The Luck of the Ritual

         It is very easy to be drawn in by tradition. The celebration of different customs, ideals, and rituals in a familial setting not only fosters love and friendship, but also provides a sense of safety for all those involved. But what happens when a group practicing their tradition loses sight of its integrity? What happens when the original intent of a ritual is lost, but those celebrating continue on only because they are too afraid to lose the sense of kinship they have formed? In “The Lottery”, Shirley Jackson paints this very picture as she delves into a world centered around the ancient ritual of chance and sacrifice. In her portrayal of this seemingly backward society, Jackson points out the dangers of blindly putting one’s faith into anything, all the while highlighting the issue of the “mob mentality” the village exhibits. She uses the black box and the actions and reactions of the townspeople to prove this very point.

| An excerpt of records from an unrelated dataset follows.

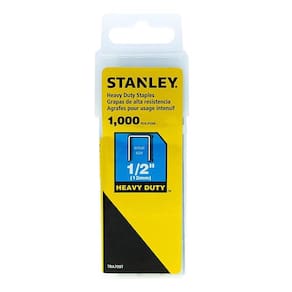 Grampos Para Grampeador Manual Elétrico 1/2 Tra708t 1000 Un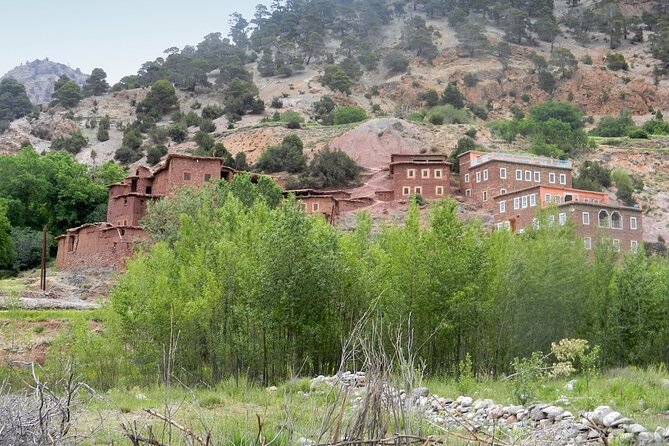 Day Trip to Atlas Mountains and Three Valleys & Berber Villages From Marrakech - Directions and Start Time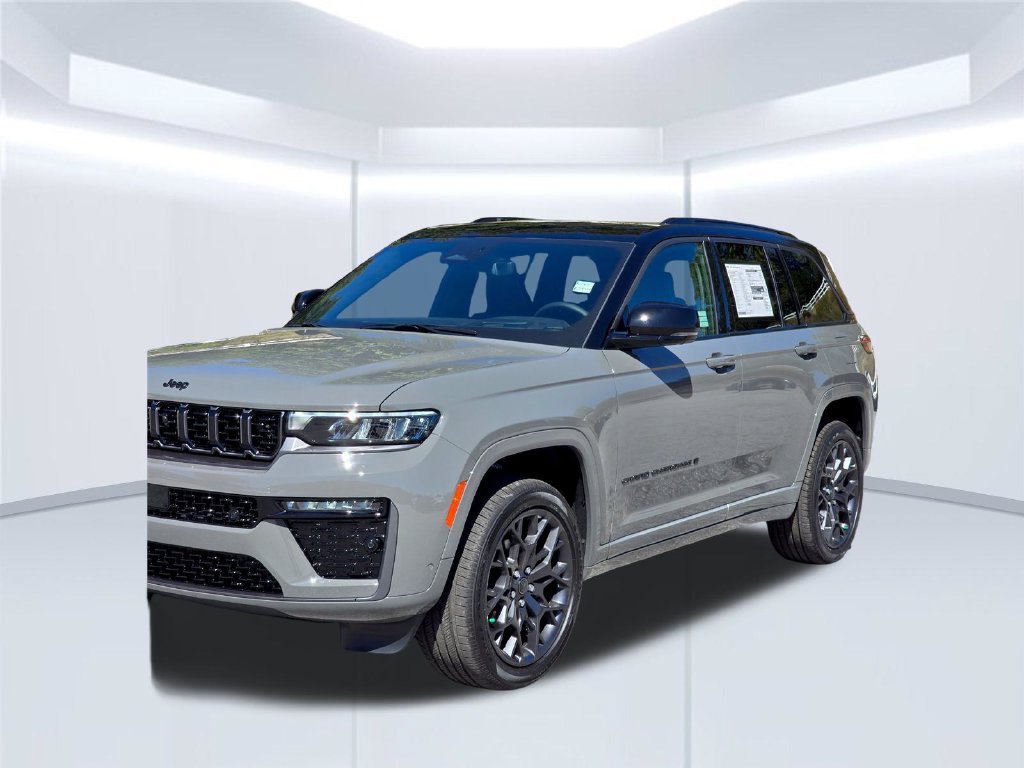 New 2027 Jeep Grand Cherokee Summit AWD/4WD image 42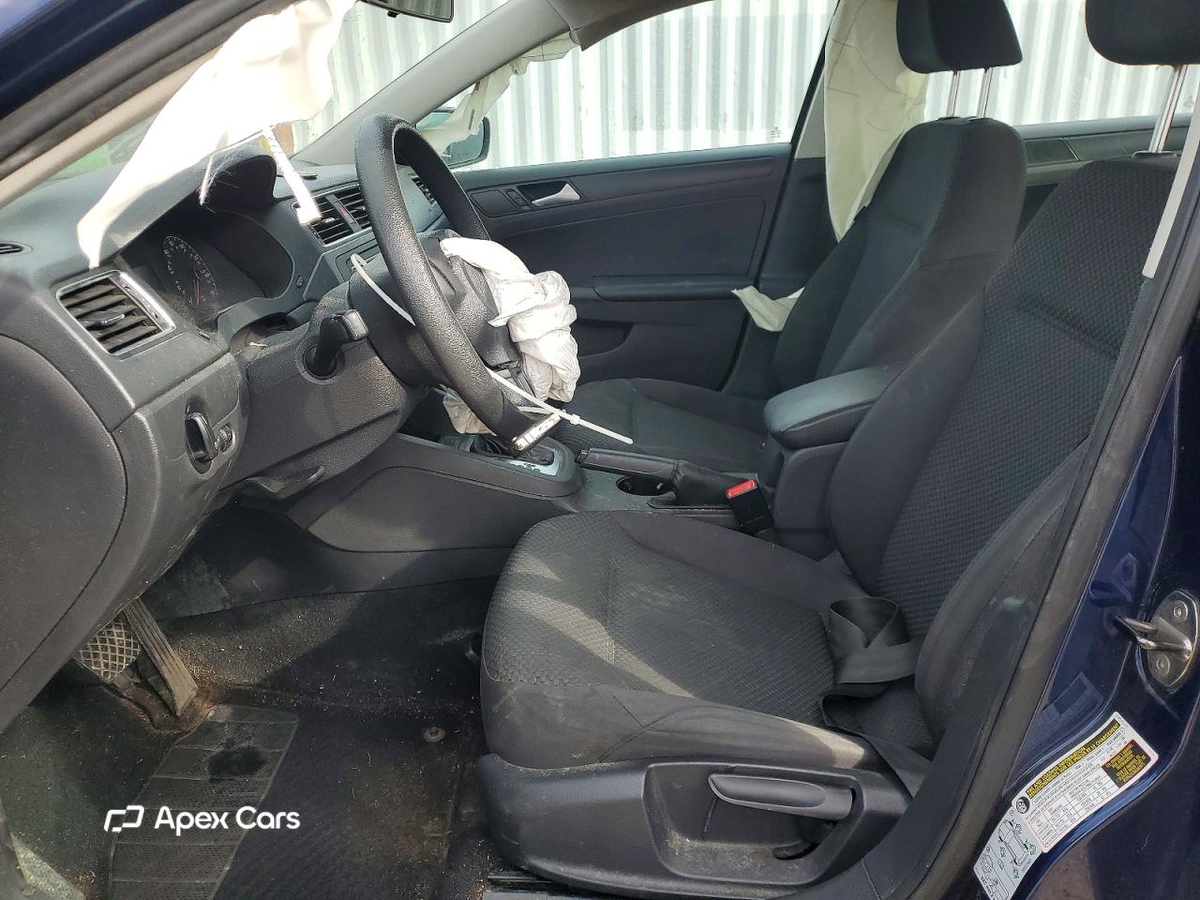 Volkswagen Jetta 2014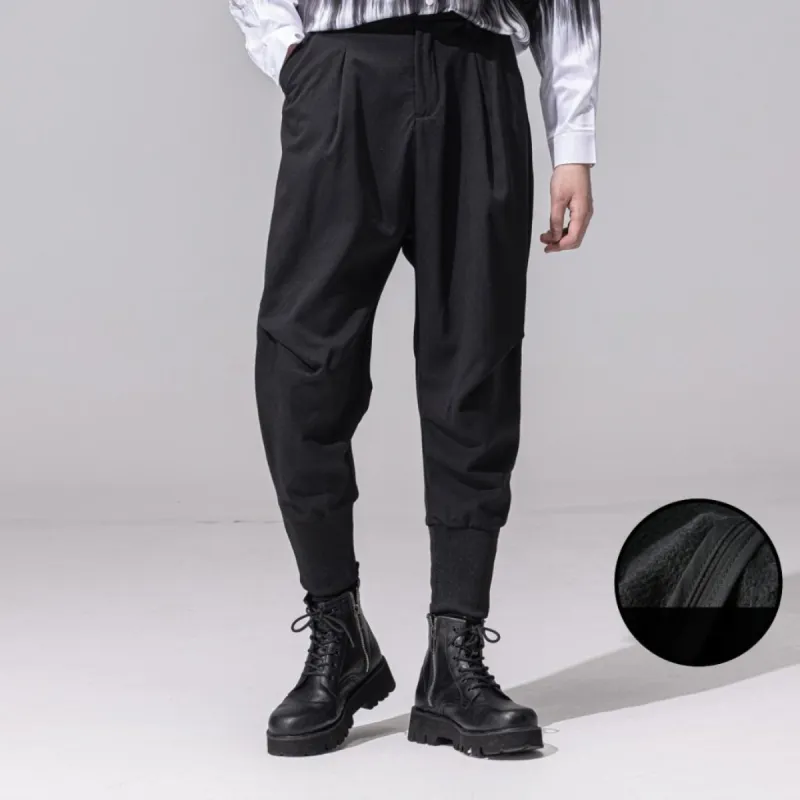 Pin Li Casual Pants Men-2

            Jackson uses imagery when introducing the black box so the reader can get the full effect of its worn down and dilapidated nature. She asserts that “the black box got shabbier each year: by now it was no longer completely black but splintered badly along one side… and in some places faded or stained” (Jackson 2). The box is completely falling apart; It is splintering, worn, and even though they still use it, it is outdated and in need of retirement. This box is clearly an extended metaphor for “the lottery” as a whole. Jackson even tells us that “the original paraphernalia for the lottery had been lost long ago”, much the same way the original meaning and intent of the ritual killing had been lost years before (1).  Jackson wants the reader to see the parallels between this run down black box and the now misguided systematic killing that takes place every June.   

        It appears that almost the entire town is blind to the fact that they are killing their friends and family just because “there’s always been a lottery” (4).  They are puzzlingly complacent with selling off their friends for something as simple as a good crop yield.  Many undoubtedly question the practice, as we see both Mr. and Mrs. Adams try to persuade Old Man Warner and the rest of the town to reconsider on the basis that “some places have already quit lotteries” (4).  The rest of the town, too, showed signs that they did not really feel comfortable with the ritual, and some even argue to allow Bill Hutchinson redraw as it was “not fair” that he was chosen. In the end, though, the mob mentality found a way to win out, as we see little Davy Hutchinson gathering stones to bludgeon his beloved mother to death by the end of the story.

         The reality of “The Lottery” is quite tragic. While it is incredibly rare to hear of such stories of human sacrifice today, it is very easy to succumb to the allure of blindly participating in things of which one might not be sure. It is even more common for one to submit to the will of the group. The combination of these two things were ultimately the reason Tessie Hutchinson ended up dying in an onslaught of flying stones – hurled by her family and friends nonetheless. She effectively summed up the entire ritual before the last rock hit her, exclaiming “It isn’t fair, it isn’t right”(7). Her assessment was spot on, however it stopped no one, as the townspeople were not only putting blind faith into something they didn’t understand, but they were so caught up in the mob mentality of it all there was no chance that fairness, or what was right would ever prevail – then or in the future.